Financial Accounting Concepts

What is the Ledger and its purpose in Bookkeeping?

A ledger, in bookkeeping and accounting, is a fundamental record, containing all the financial transactions of a business, organized by account.

It essentially forms the spine of the accounting system by ingesting data from several financial documents and expressing them as a single coherent record. The ledger gives an orderly and detailed look at the financial activities of a company, which is so important to track income, expenses, and overall health.

Let’s explore what is the ledger and the purposes it serves in the bookkeeping and accounting functions and what are rules of posting to/from ledger.

Benefits of Ledger

A ledger is very useful and provides valuable information to the organisation. The net result of all transactions regarding a particular account on a given date can be ascertained only from the ledger.

For example, the proprietor on a particular date wants to know the amount due from a specific customer or the amount the firm has to pay to a specific supplier and such information can be found only in the ledger. Such information is very complex to ascertain from the journal because the transactions are recorded in chronological order and are not classified.

For easy posting and location, accounts are opened in the ledger in some specific order.

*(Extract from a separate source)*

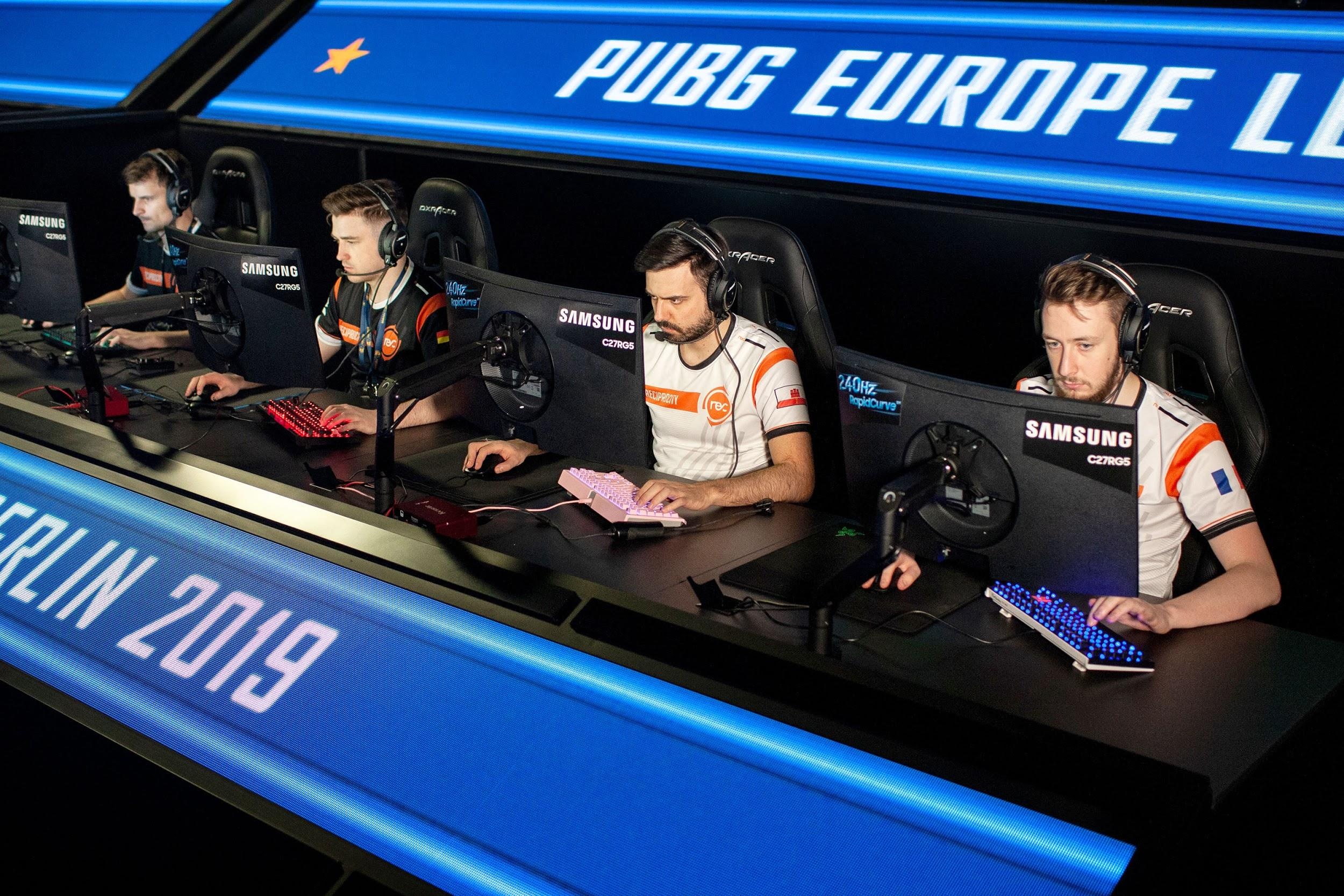 màn hình Samsung CRG5 ảnh 5 man hinh Samsung CRG5 anh 5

For example, they can be opened in the same order as they appear in the profit and loss account or the balance sheet.

Format of A Ledger Account

A ledger account has two sides-debit (left part of the account) and credit (right part of the account). Each of the debit and credit sides has four columns. (i) Date (ii) Particulars (iii) Journal folio, i.e. page from where the entries are taken for posting and (iv) Amount.

Format of a ledger account

As per this format, the columns will contain the information given below:

The title of the Account: It indicates the name of the particular account.

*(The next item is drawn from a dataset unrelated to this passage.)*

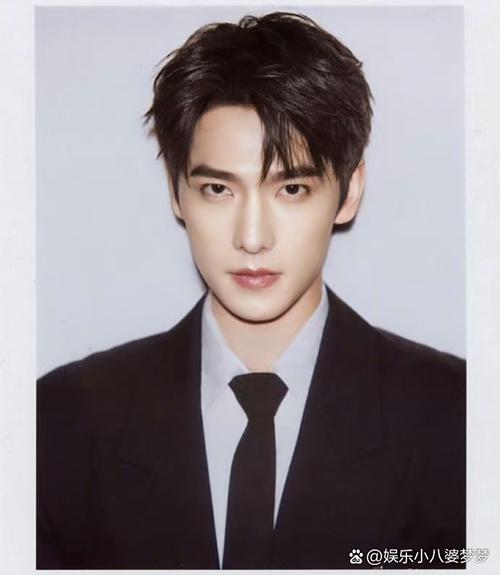 李易峰近况_杨洋和吴亦凡照片大全_李易峰巅峰时期回顾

Dr. /Cr.: it refers to the debit or credit aspect of the transaction.

Date: The date of transactions is posted in chronological order in this column.

Particulars: The name of the accounts and events concerning the original book of entry is written on the debit/credit side of the account.

Journal Folio: It records the page number of the Journal on which the relevant transaction is recorded. This column is filled up at posting and not a recording.

Amount: This column is used to fill the amount of the transaction as recorded in the Journal.

Rules of Posting to Ledger

Posting the Debit Side of the Entry

When an account is debited in the journal, that amount should be written in the debit side of the account in the ledger too. In the particulars column, the name of the opposite account that was credited should be prefixed with the word “To.”

For example, in case of the journal entry “Cash A/c Dr. ₹10,000 To Sales A/c ₹10,000”, Cash Account will show “To Sales A/c ₹10,000” on the debit side.

Posting the Credit Side of the Entry

If any account is credited in the journal, then it should also be posted on the credit side of that account in the ledger. In the particulars column, the account which was debited is recorded preceded with the term “By”. For this example, Sales Account will display “By Cash A/c ₹10,000” on its credit side. This maintains that each component of the transaction is recorded correctly on both sides.

One Entry Per Account Per Transaction

Each account should only post a journal entry one time. Even if an account shows up in multiple entries, in one journal entry, each ledger account will be posted only one time. This prevents duplication and keeps the integrity of the financial information organized.

Use of Accurate Dates

The date appearing in the journal must also be recorded in the ledger for the corresponding transaction. This is useful when tracing an event relevant to a verification, auditing, or even preparing financial statements. Maintaining consistency in the entry of dates reinforces dependability and openness with regards to the accounting documents.

Balancing an Account

At the end of each month and year-end, all accounts in the ledger are balanced. Balancing here means ascertaining the net balance of all debit and credit transactions in a particular account.

For the accounts having nature in debit balance, we use ‘by balance c/d’ read as ‘by balance carried down’. On the opening date of the new month, the same balance is written as ‘To balance b/d’ read as ‘To balance b/d’. Similarly, for accounts having a balance in credit nature, balancing is done by writing ‘To balance c/d’ and at the beginning of the new month ‘By balance b/d’ is written.

However, nominal accounts are not balanced at the end of the year; they are transferred to Profit & Loss A/c (Trading A/c in case of Direct expenses). Hence, they have no opening balance at the beginning of the year. Only personal and real accounts can show balances.

Conclusion

In summary, a ledger is the core of your accounting system. It’s where all your financial transactions are recorded, organized, and analyzed, giving you a clear picture of your financial health and making informed decisions for your business or personal finances.